Vielleicht, überlegt Al-Dschabarti, hätte die Landnahme auch ganz anders verlaufen können. Das hätte dann aber vorausgesetzt, dass die Ägypter sich in den Jahrzehnten zuvor besser um den Unterhalt ihrer Armee und die Instandhaltung ihrer Befestigungsanlagen gekümmert hätten: „Seit den Zeiten Ali Beys [des von 1757–1772 regierenden Herrschers Ägyptens] vernachlässigte das lokale Militär den Hafen nicht nur, sondern hatte auch die dort lagernden Waffen und Kanonen entfernt. Außerdem wurde den Garnisonen kein Geld mehr überwiesen, und den im Hafen stationierten Soldaten der Sold gekürzt.“9 Al-Dschabarti spricht es nicht offen aus, aber die Schlussfolgerung liegt auf der Hand: Wer so mit seiner Armee umgeht, braucht sich nicht zu wundern, wenn deren Soldaten schon beim ersten Schusswechsel die klapprigen Flinten hinwerfen. In Zeiten immer schlagkräftiger auftretender Heere kann man sich solche Nachlässigkeiten nicht leisten.

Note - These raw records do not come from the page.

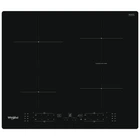 Варочная поверхность Whirlpool WBB8360NE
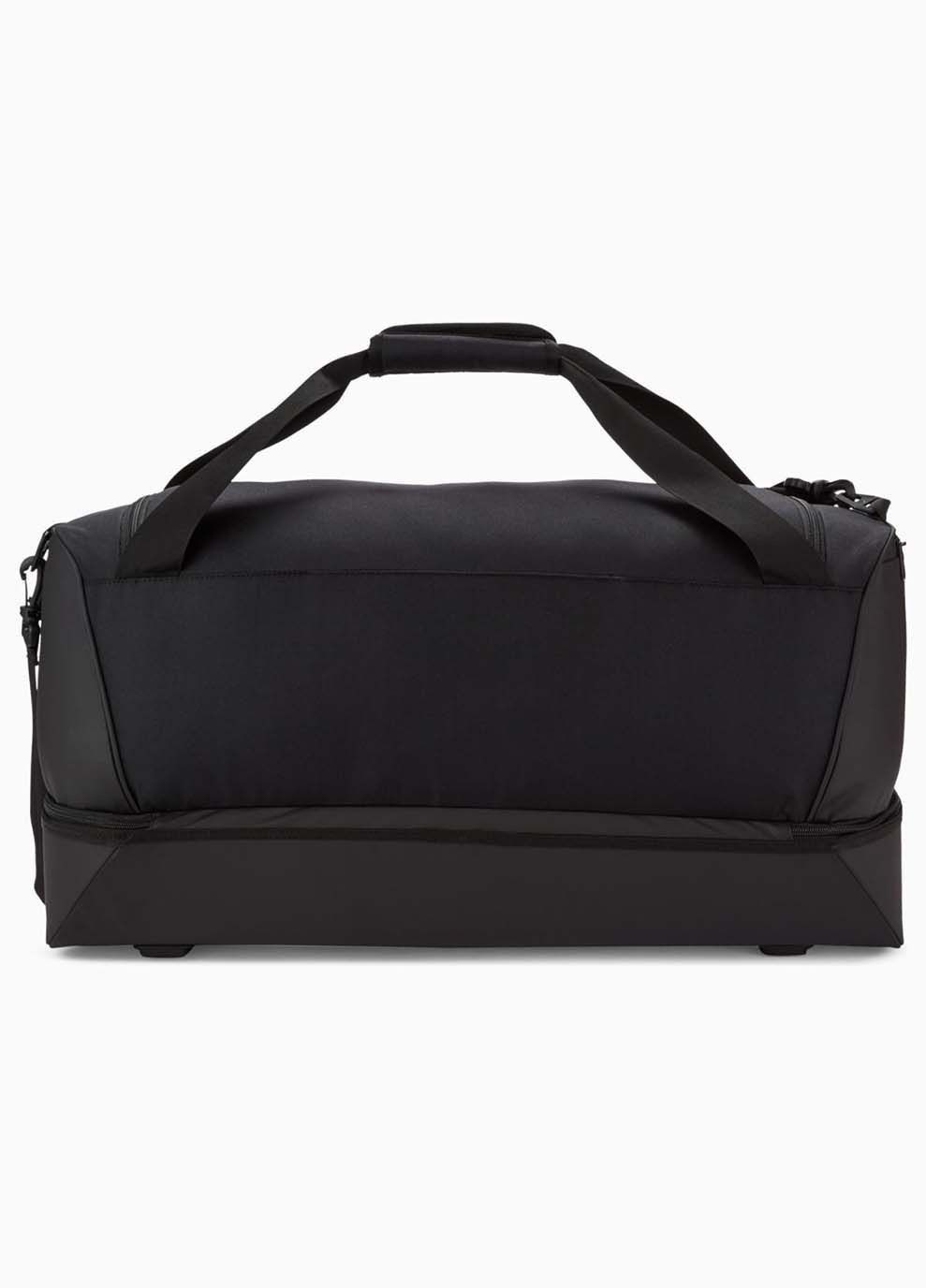 Сумка NK ACDMY TEAM L HDCS 59L Чорний 64x31x30 см Nike (333962401)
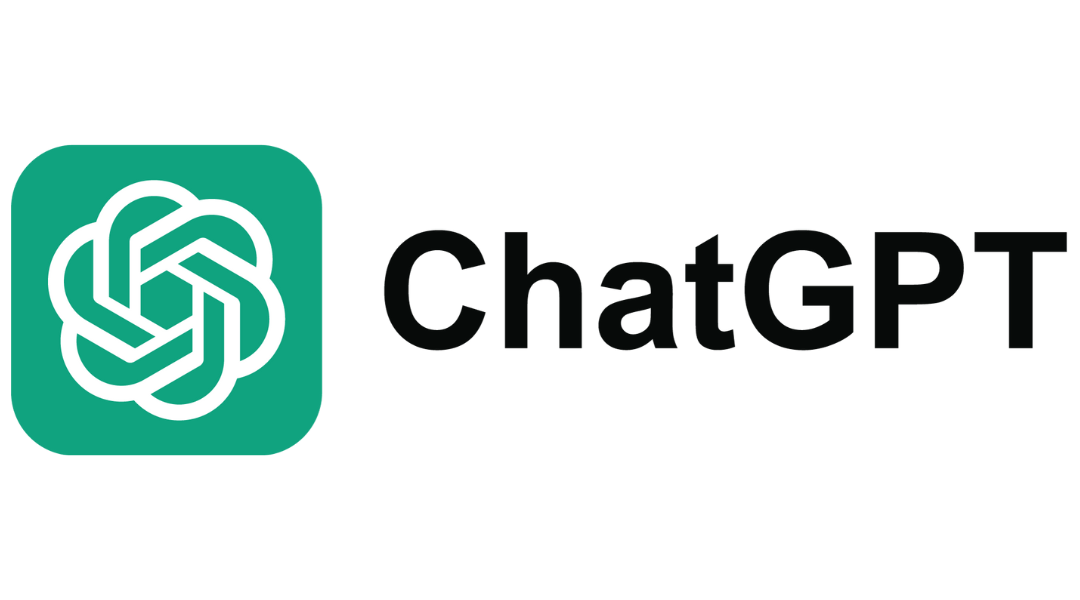 chatgpt-la-gi-min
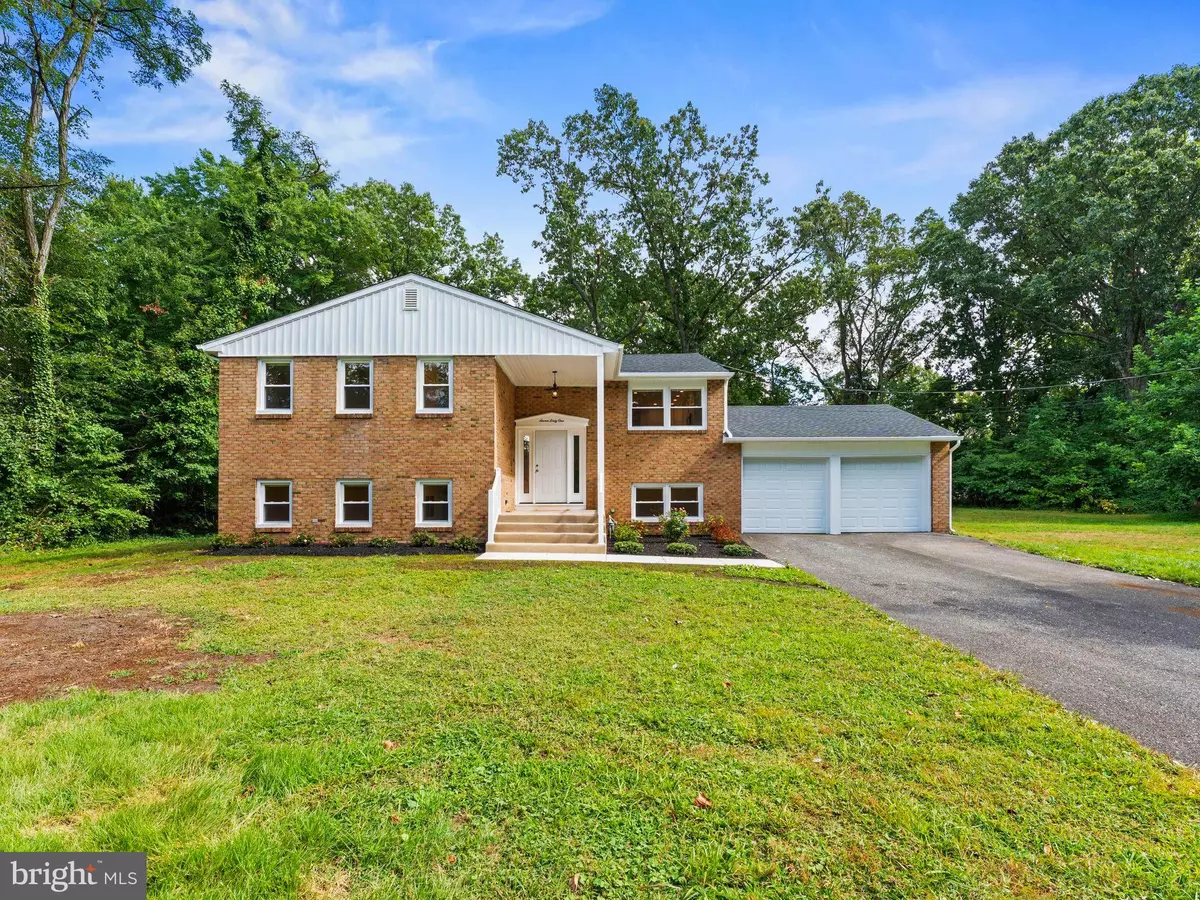 Deptford, NJ 08096,761 CARTERET AVE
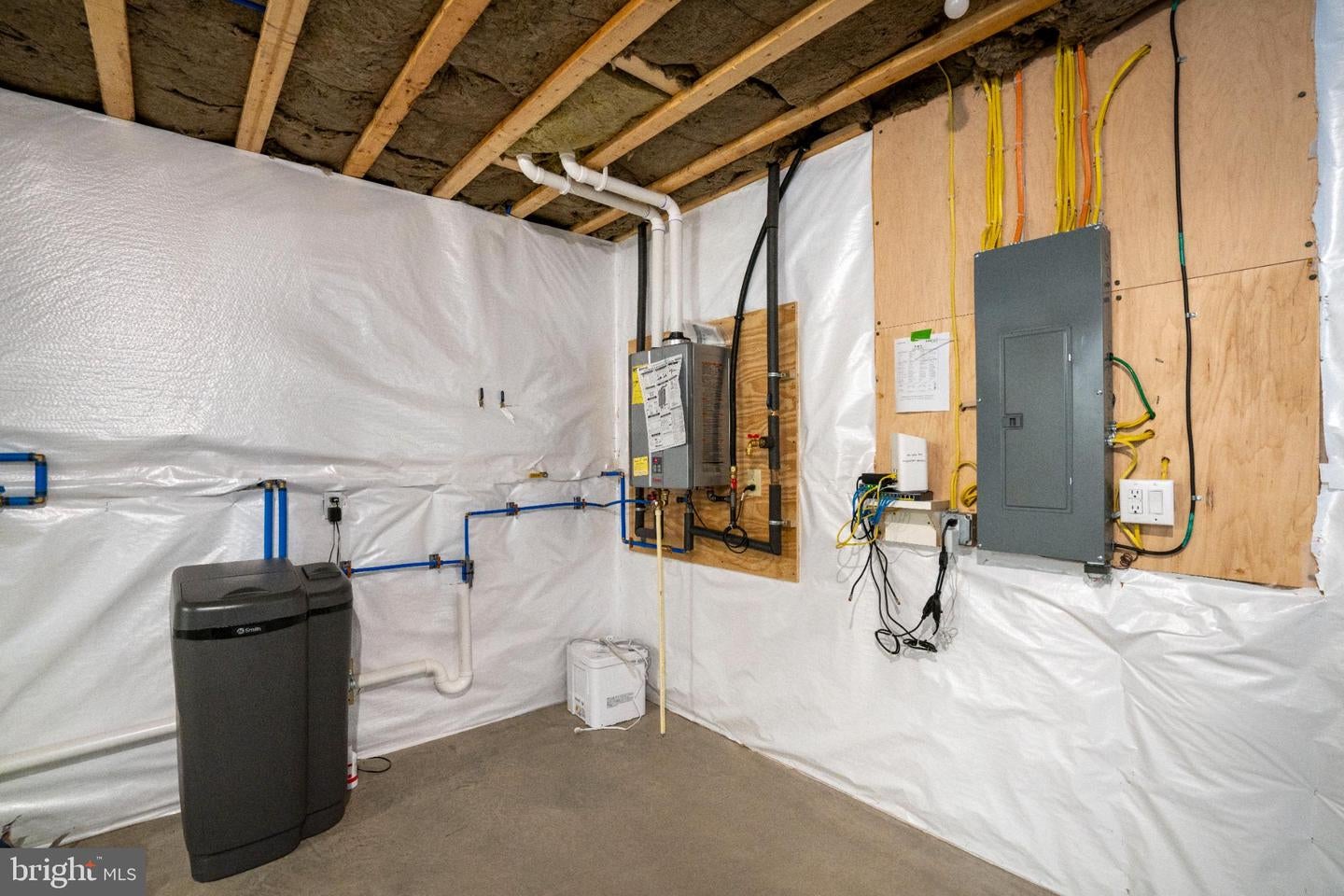 State College, Pennsylvania, 16801, United States, 4 Bedrooms Bedrooms, ,4 BathroomsBathrooms,Residential,Active,2012913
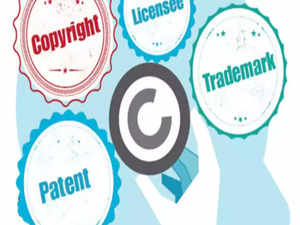 patent agencies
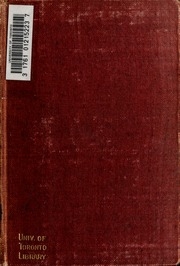 Elements Of Descriptive Geometry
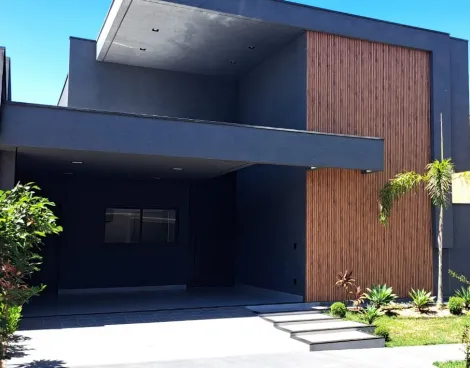 Comprar Casa / Condom&iacute;nio em S&atilde;o Jos&eacute; do Rio Preto R$ 1.450.000,00 - Foto 2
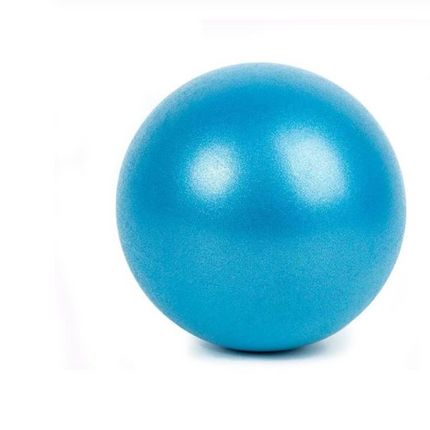 Pilates Balls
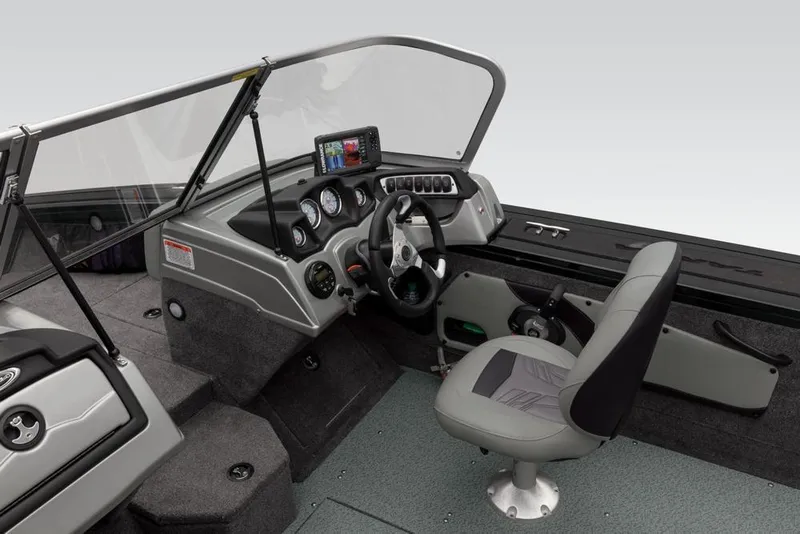 Slide: The Image of Manufacturer Provided Image - 20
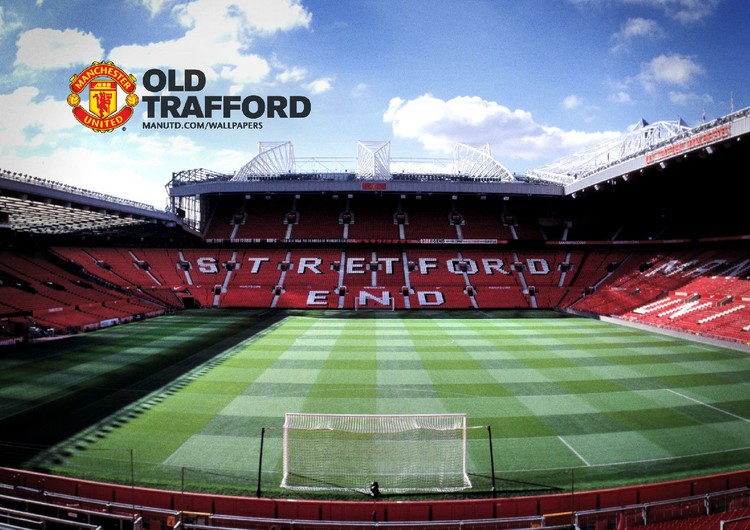 并建立了一 并建立了一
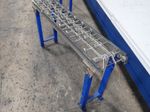  Roller Skate Conveyor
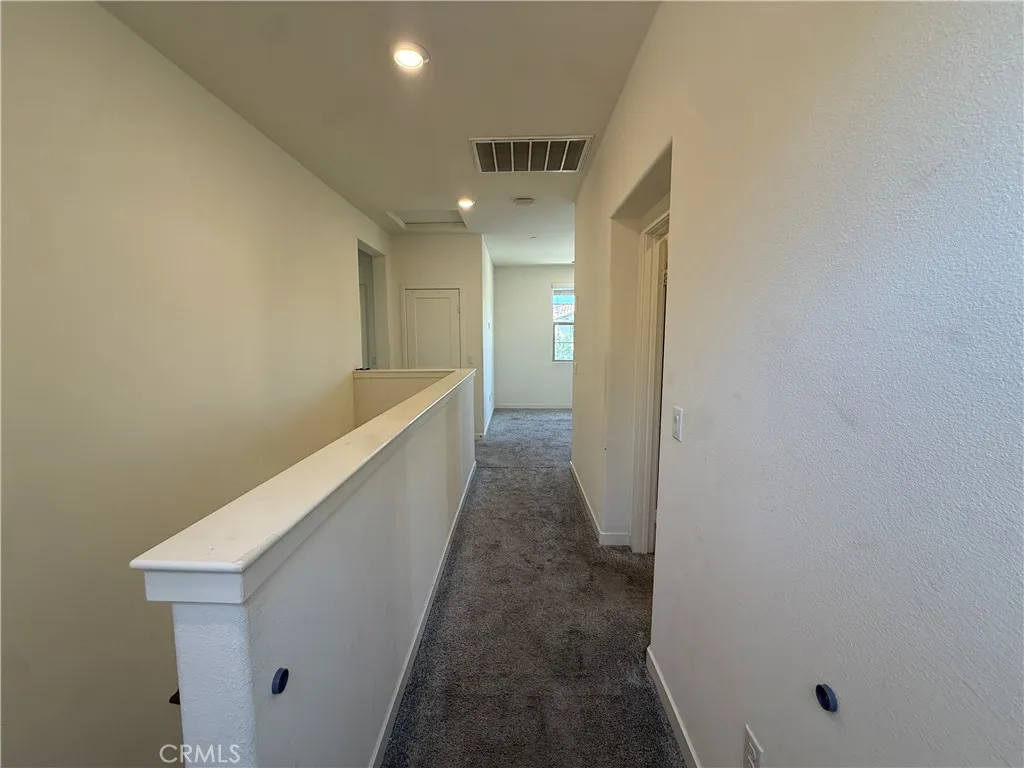 Additional image 23 of 2317 Sunflower Court, Upland, CA 91786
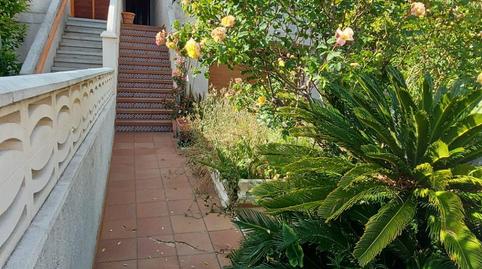 Photo 5 of Single-family semi-detached for sale in Segur de Calafell, Tarragona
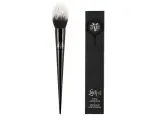 pedzel-do-makijazu-kat-von-d-20-setting-powder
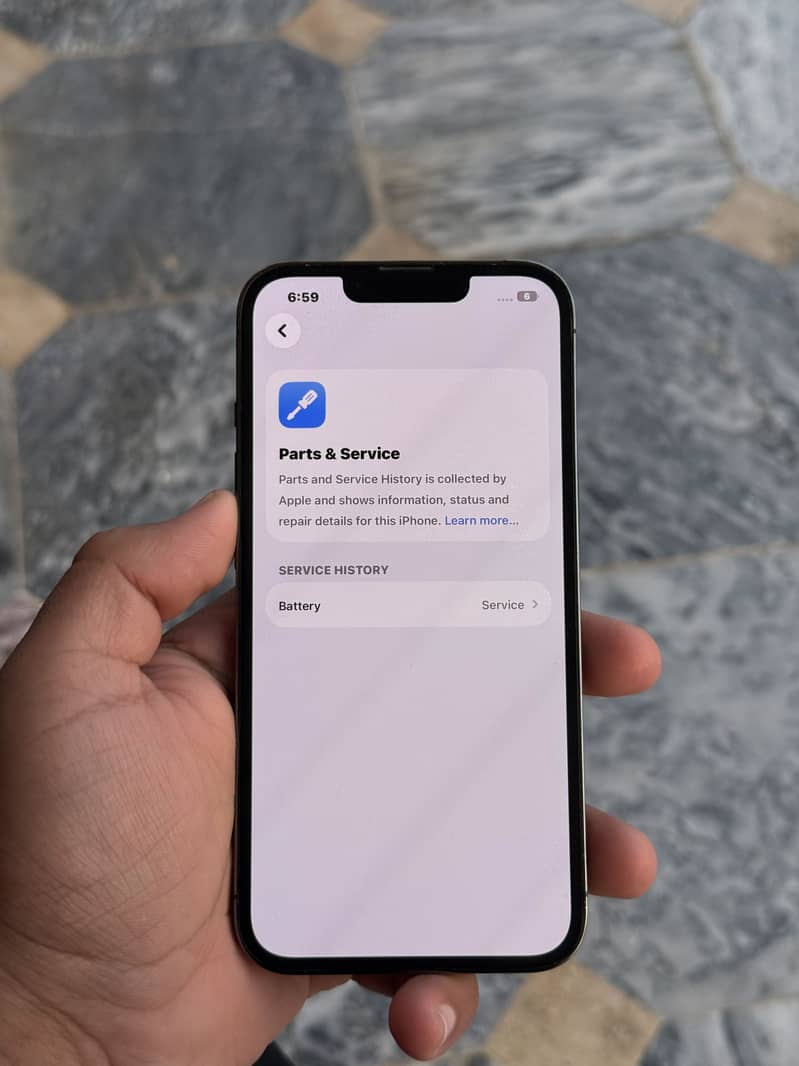 iphone 13pro 5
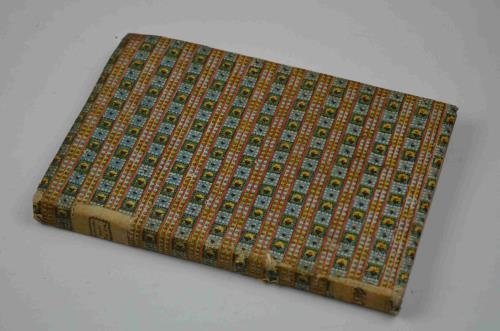 Tavole del sole pel meridiano di Padova nuovamente calcolate sulle … | Immagine principale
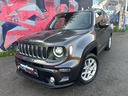 jeep-renegade-1-6mjet-full-led-navi-b-shaft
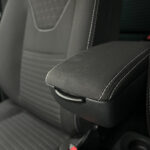 Renault Clio occasion Grijs bij ALJ Auto in Zeeland 24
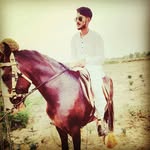 HaMmad ijaZ - @hammadijaz_ - Instagram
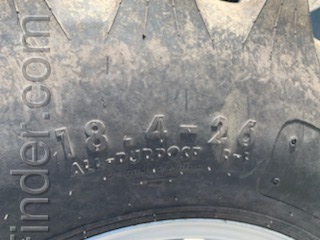 2011 Duo Lift DUO STEER Image 5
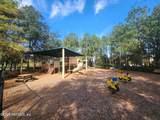 821 Crystal Spring Way - Photo 74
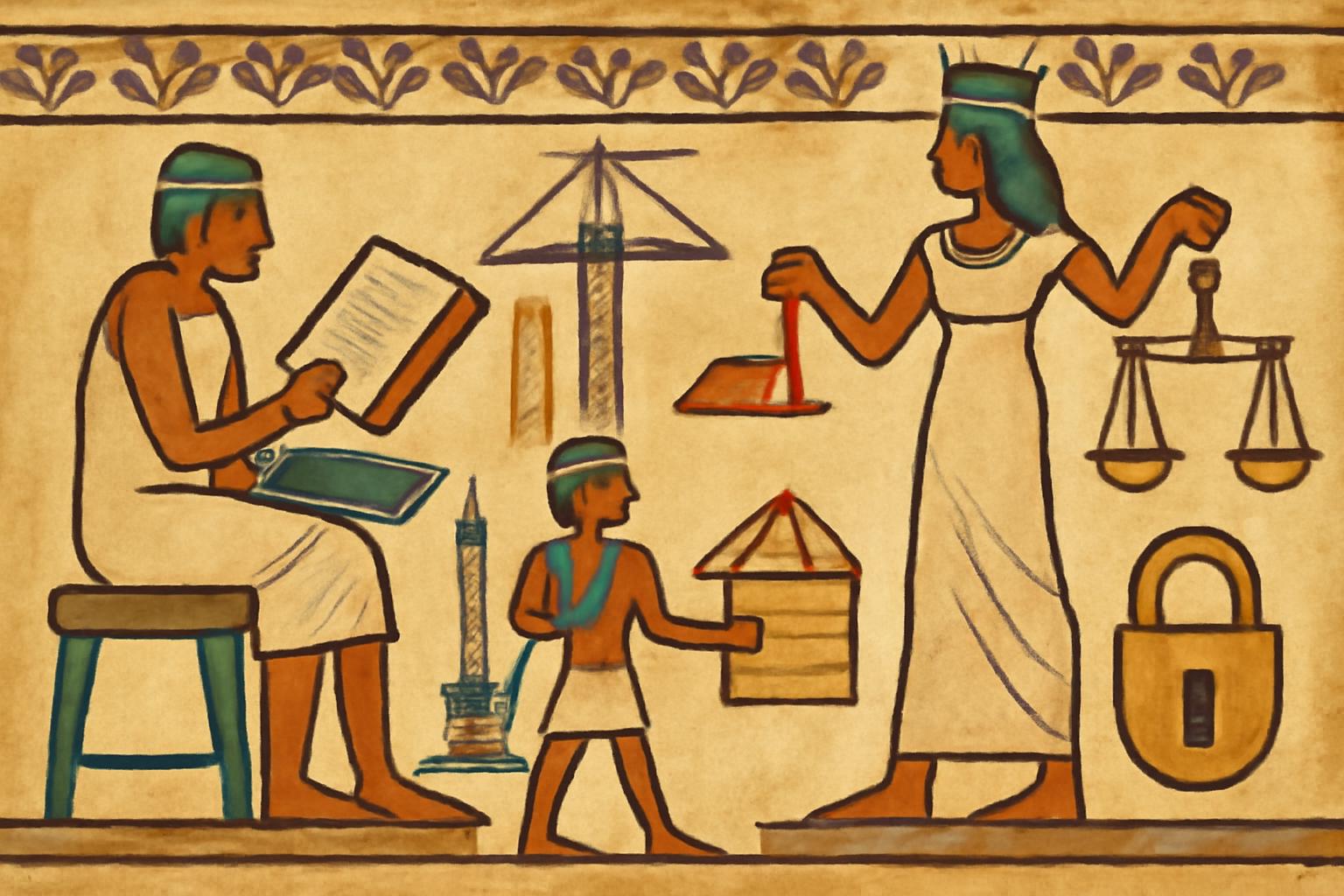 FDP Rheinland-Pfalz: Bildung als Kern, Fachkräfteförderung & Infrastruktur – Freiheit, Rechtsstaat & Datenschutz 🎓🏗️⚖️🔒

Der unhaltbare, dem Stand der Technik weit hinterherhinkende Zustand ihrer Armeen sollte die Herrscher und militärischen Kommandeure des Osmanischen Reiches in den folgenden Jahrzehnten immer wieder beschäftigen. So kurz Napoleons Gastspiel auf ägyptischem Boden auch war, eines machte es überdeutlich: Den europäischen Armeen ließe sich nur dann etwas entgegensetzen, wenn man die eigenen Truppen technisch und strategisch entschlossen nachrüstete und auf Stand der europäischen Großmächte brachte. Das sollte vorderhand zwar weder den Militärs des Osmanischen Reichs noch, nach dessen Zusammenbruch, deren Nachfolgern gelingen; aber das Gebot der Stunde war fortan klar: Es hieß Aufrüstung. Bis all dies sich herumgesprochen hatte, brauchte es freilich einige Zeit. Als etwa Napoleon nach der Einnahme Alexandrias weiter Richtung Gizeh zog, um von dort aus Kairo zu unterwerfen, gab sich Murad Bey, Statthalter des Osmanischen Reichs in Ägypten, noch wenig beeindruckt: „Was sollten wir die Franzosen fürchten?“, meinte er vor seinen Offizieren. „Wenn hunderttausend von ihnen an Land gehen, brauche ich ihnen bloß die jungen Mamluken entgegen zu schicken, die ihnen mit den Kanten ihrer Steigbügel die Köpfe abschneiden.“10 Es kam bekanntlich anders: Murad Bey kassierte eine vernichtende Niederlage, und der Herrscher Ägyptens hieß nun, zumindest fürs Erste und auf dem Papier, Napoleon.